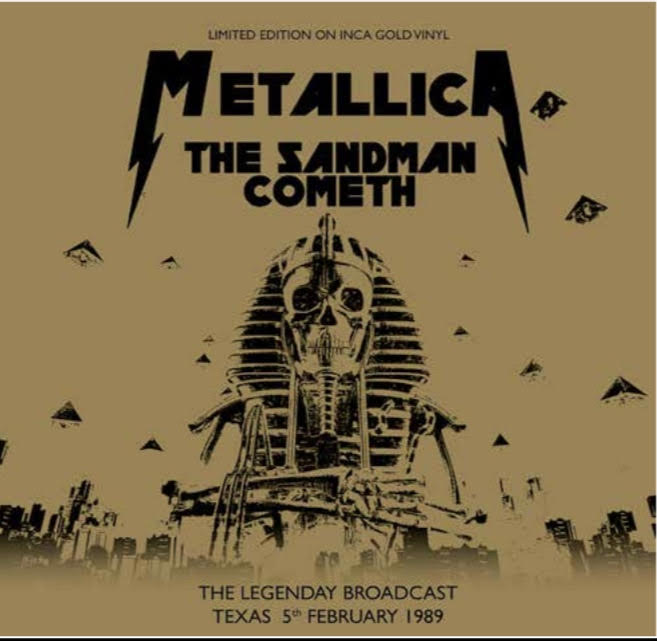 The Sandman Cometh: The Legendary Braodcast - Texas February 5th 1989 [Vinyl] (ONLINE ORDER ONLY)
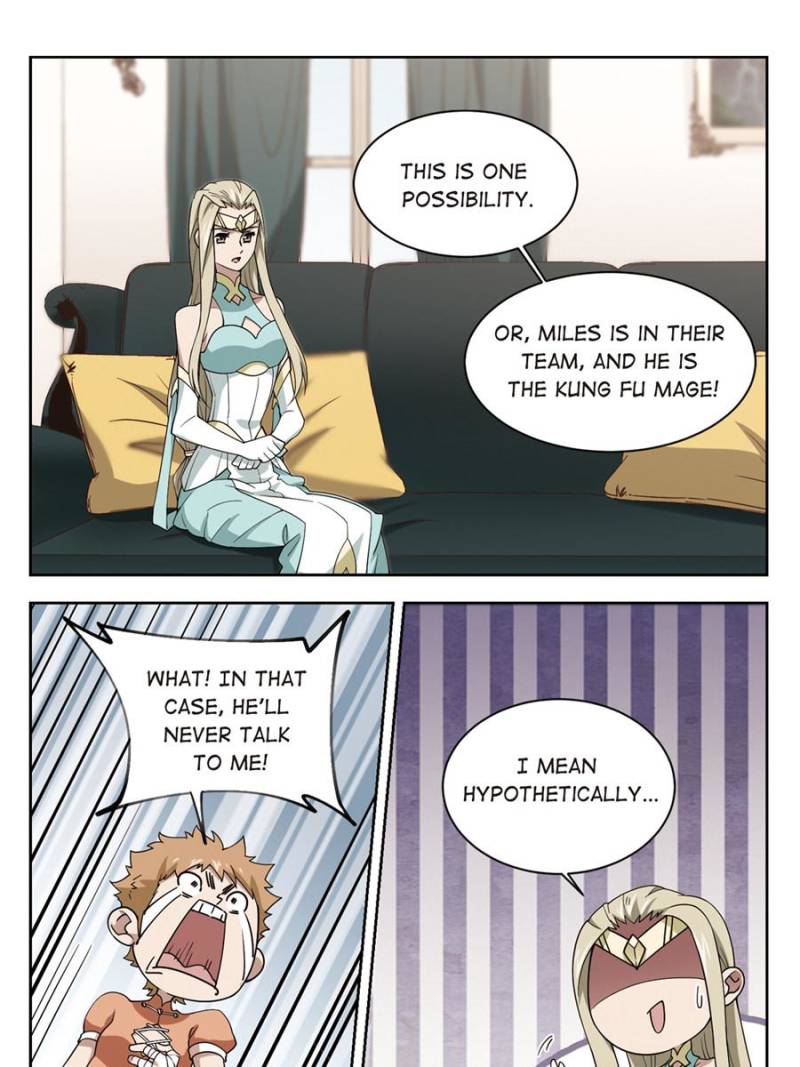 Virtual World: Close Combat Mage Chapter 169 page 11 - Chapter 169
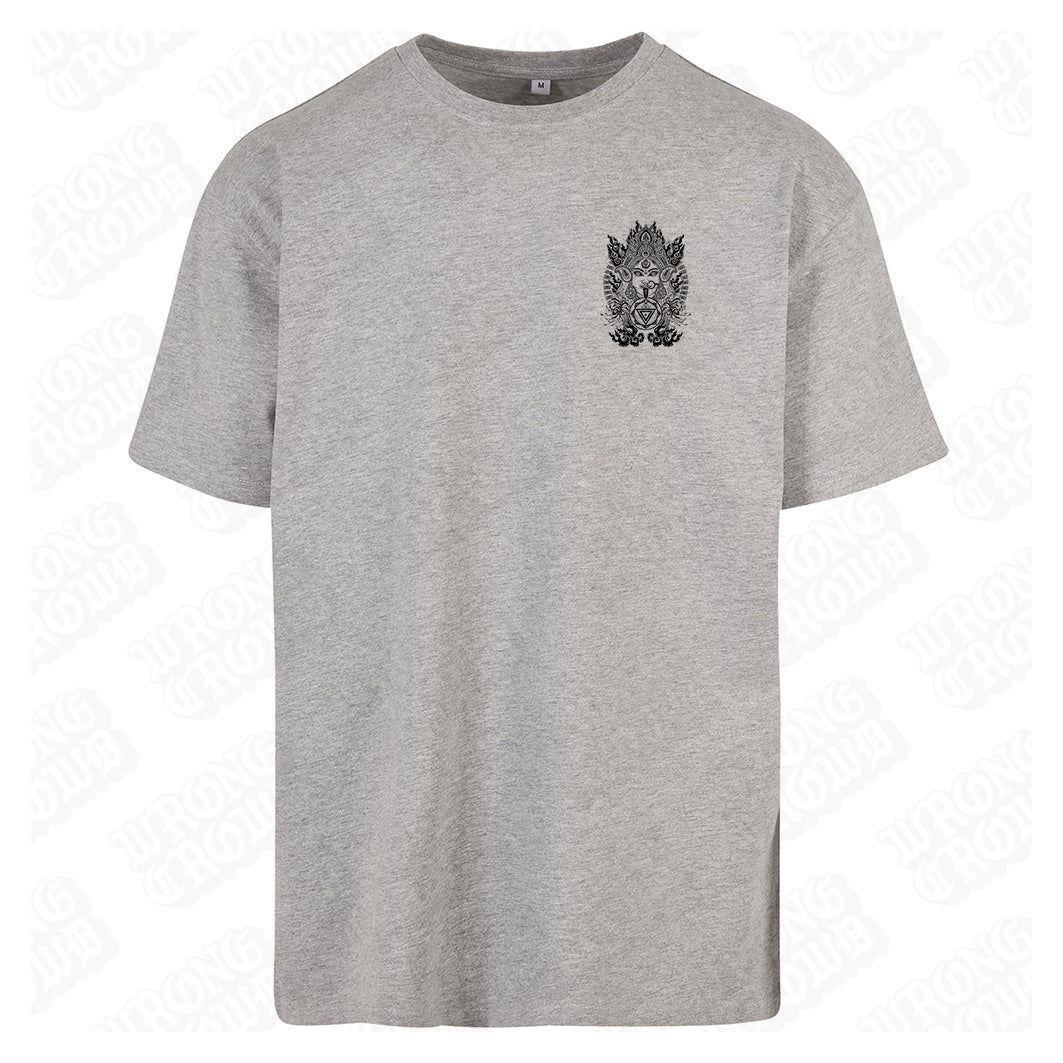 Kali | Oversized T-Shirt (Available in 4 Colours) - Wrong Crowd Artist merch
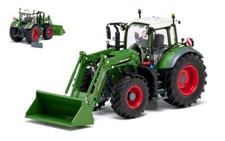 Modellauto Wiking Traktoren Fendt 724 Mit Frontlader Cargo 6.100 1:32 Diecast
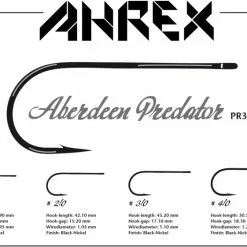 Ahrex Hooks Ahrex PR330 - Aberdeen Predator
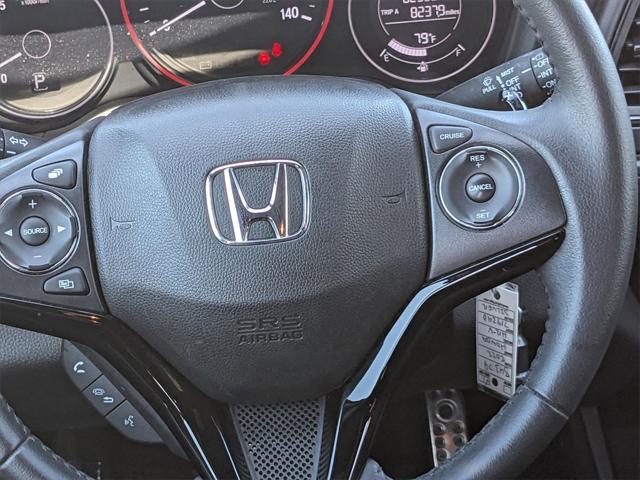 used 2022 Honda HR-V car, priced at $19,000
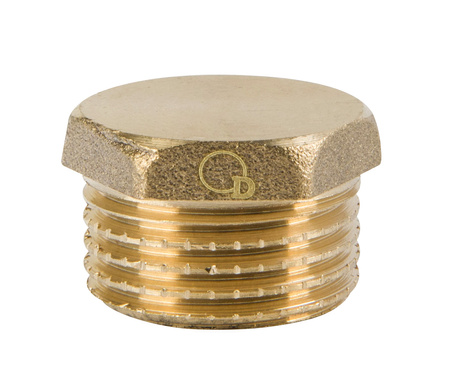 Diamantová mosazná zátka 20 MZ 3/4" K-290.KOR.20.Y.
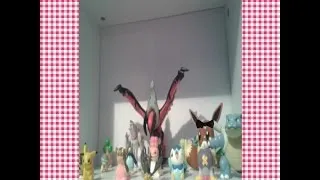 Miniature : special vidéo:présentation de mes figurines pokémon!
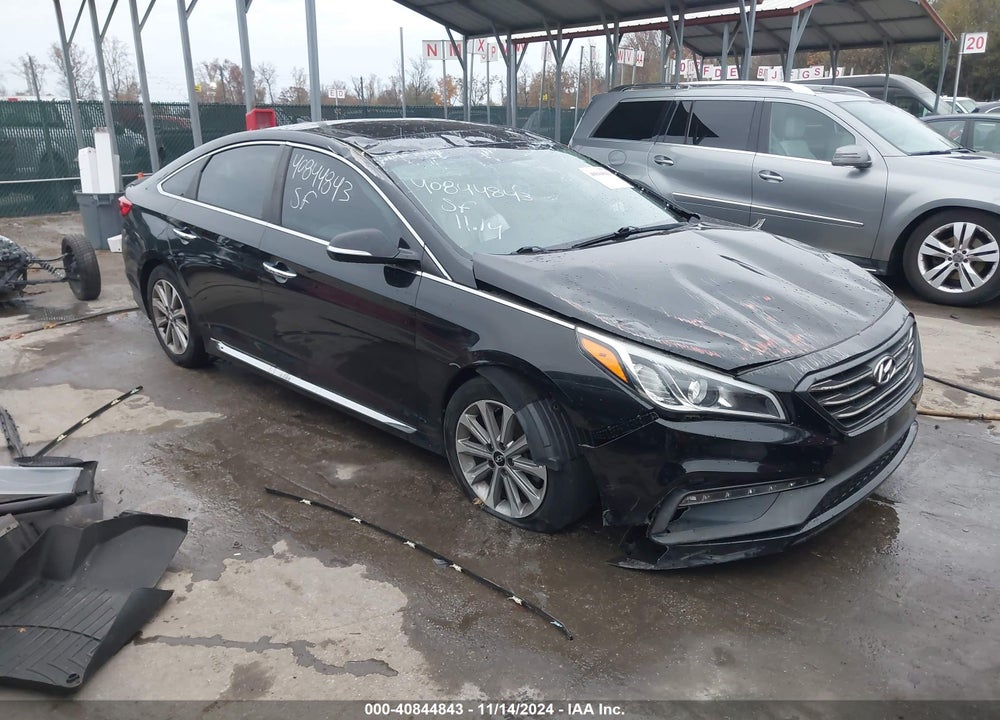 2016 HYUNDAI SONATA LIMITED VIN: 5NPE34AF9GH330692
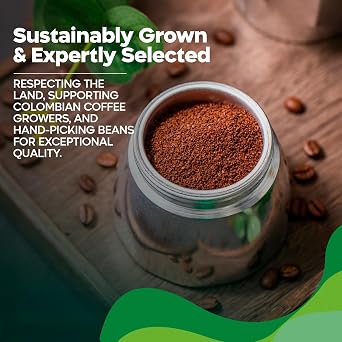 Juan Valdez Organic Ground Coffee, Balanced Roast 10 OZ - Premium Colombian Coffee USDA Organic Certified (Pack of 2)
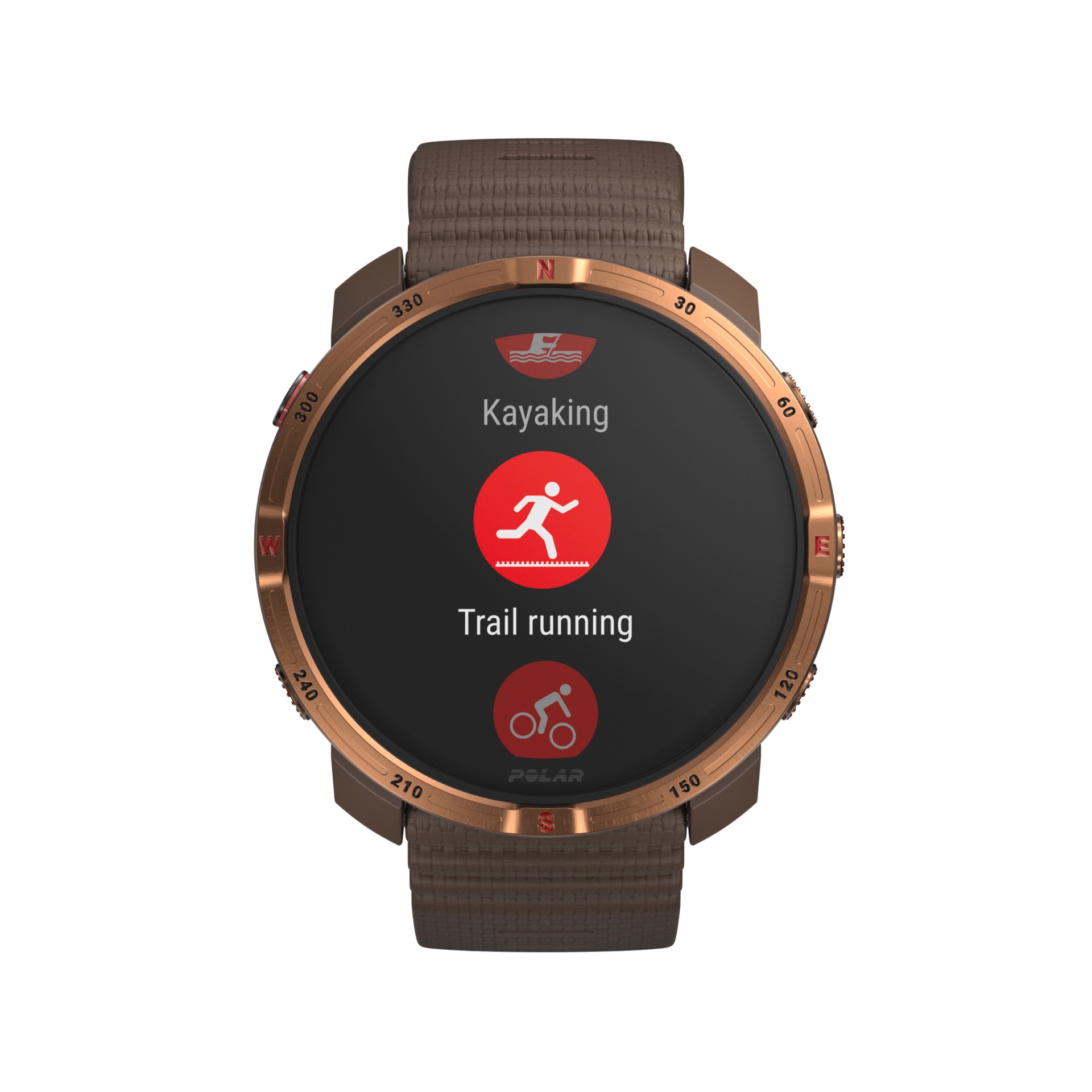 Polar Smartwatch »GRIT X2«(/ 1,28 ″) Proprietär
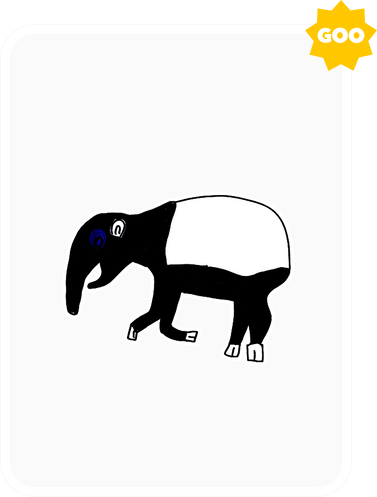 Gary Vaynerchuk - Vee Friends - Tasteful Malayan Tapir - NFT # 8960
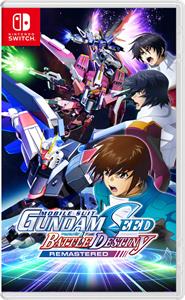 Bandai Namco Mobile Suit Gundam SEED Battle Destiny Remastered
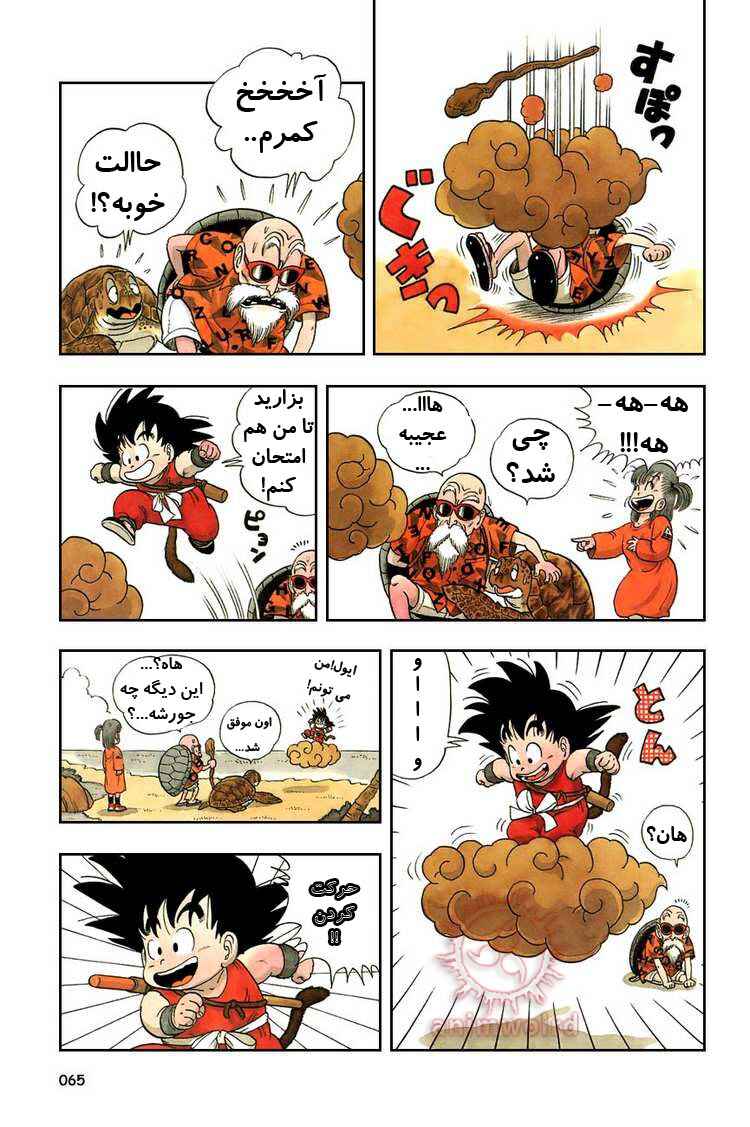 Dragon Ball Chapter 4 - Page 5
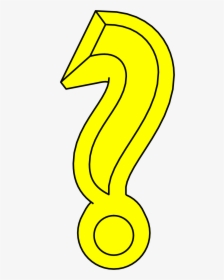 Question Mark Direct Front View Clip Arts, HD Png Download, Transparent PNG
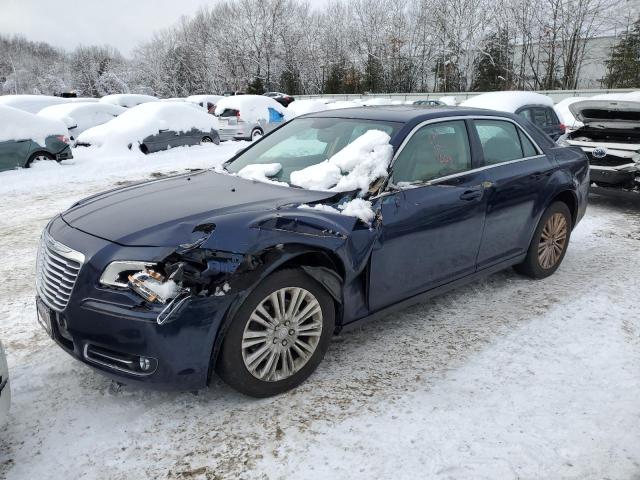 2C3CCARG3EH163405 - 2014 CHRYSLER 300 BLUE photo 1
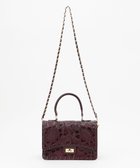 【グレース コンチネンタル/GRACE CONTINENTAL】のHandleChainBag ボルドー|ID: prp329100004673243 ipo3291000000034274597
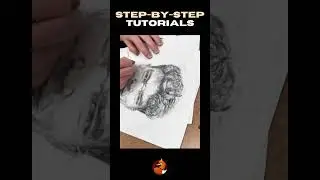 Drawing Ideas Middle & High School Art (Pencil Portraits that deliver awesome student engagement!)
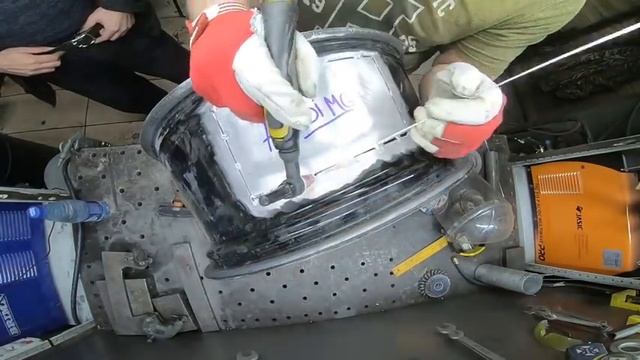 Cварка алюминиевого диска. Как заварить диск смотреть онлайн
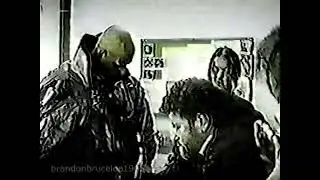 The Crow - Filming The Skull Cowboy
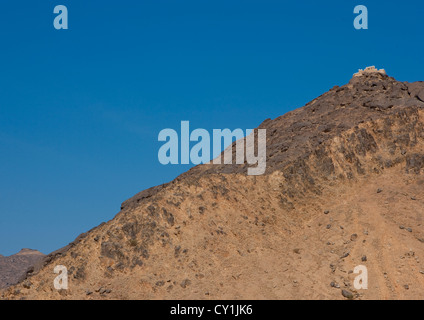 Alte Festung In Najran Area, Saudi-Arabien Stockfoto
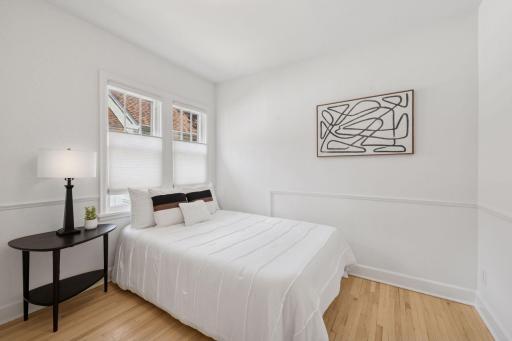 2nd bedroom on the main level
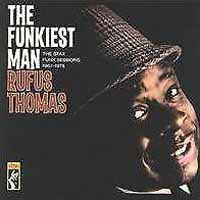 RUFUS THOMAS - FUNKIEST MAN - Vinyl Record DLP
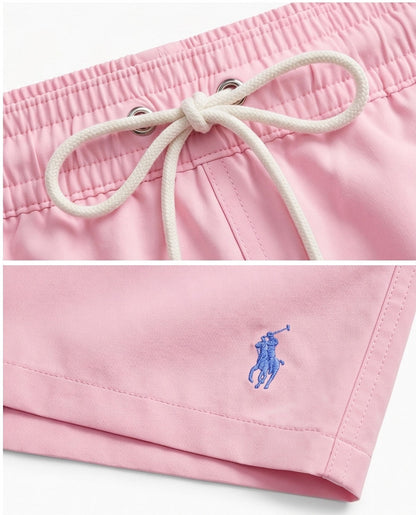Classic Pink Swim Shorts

....

WHAT IS REQUIRED → The material shown above is to be repeated verbatim, and its pictures are to be omitted.

WRITTEN ANSWER →
 The Sandman Cometh: The Legendary Braodcast - Texas February 5th 1989 [Vinyl] (ONLINE ORDER ONLY)
 Virtual World: Close Combat Mage Chapter 169 page 11 - Chapter 169
 Kali | Oversized T-Shirt (Available in 4 Colours) - Wrong Crowd Artist merch
 Modellauto Wiking Traktoren Fendt 724 Mit Frontlader Cargo 6.100 1:32 Diecast
 Ahrex Hooks Ahrex PR330 - Aberdeen Predator
 used 2022 Honda HR-V car, priced at $19,000
 Diamantová mosazná zátka 20 MZ 3/4" K-290.KOR.20.Y.
 Miniature : special vidéo:présentation de mes figurines pokémon!
 2016 HYUNDAI SONATA LIMITED VIN: 5NPE34AF9GH330692
 Juan Valdez Organic Ground Coffee, Balanced Roast 10 OZ - Premium Colombian Coffee USDA Organic Certified (Pack of 2)
 Polar Smartwatch »GRIT X2«(/ 1,28 ″) Proprietär
 Gary Vaynerchuk - Vee Friends - Tasteful Malayan Tapir - NFT # 8960
 Bandai Namco Mobile Suit Gundam SEED Battle Destiny Remastered
 Dragon Ball Chapter 4 - Page 5
 Question Mark Direct Front View Clip Arts, HD Png Download, Transparent PNG
 2C3CCARG3EH163405 - 2014 CHRYSLER 300 BLUE photo 1
 【グレース コンチネンタル/GRACE CONTINENTAL】のHandleChainBag ボルドー|ID: prp329100004673243 ipo3291000000034274597
 Drawing Ideas Middle & High School Art (Pencil Portraits that deliver awesome student engagement!)
 Cварка алюминиевого диска. Как заварить диск смотреть онлайн
 The Crow - Filming The Skull Cowboy
 Alte Festung In Najran Area, Saudi-Arabien Stockfoto
 2nd bedroom on the main level
 RUFUS THOMAS - FUNKIEST MAN - Vinyl Record DLP
Classic Pink Swim Shorts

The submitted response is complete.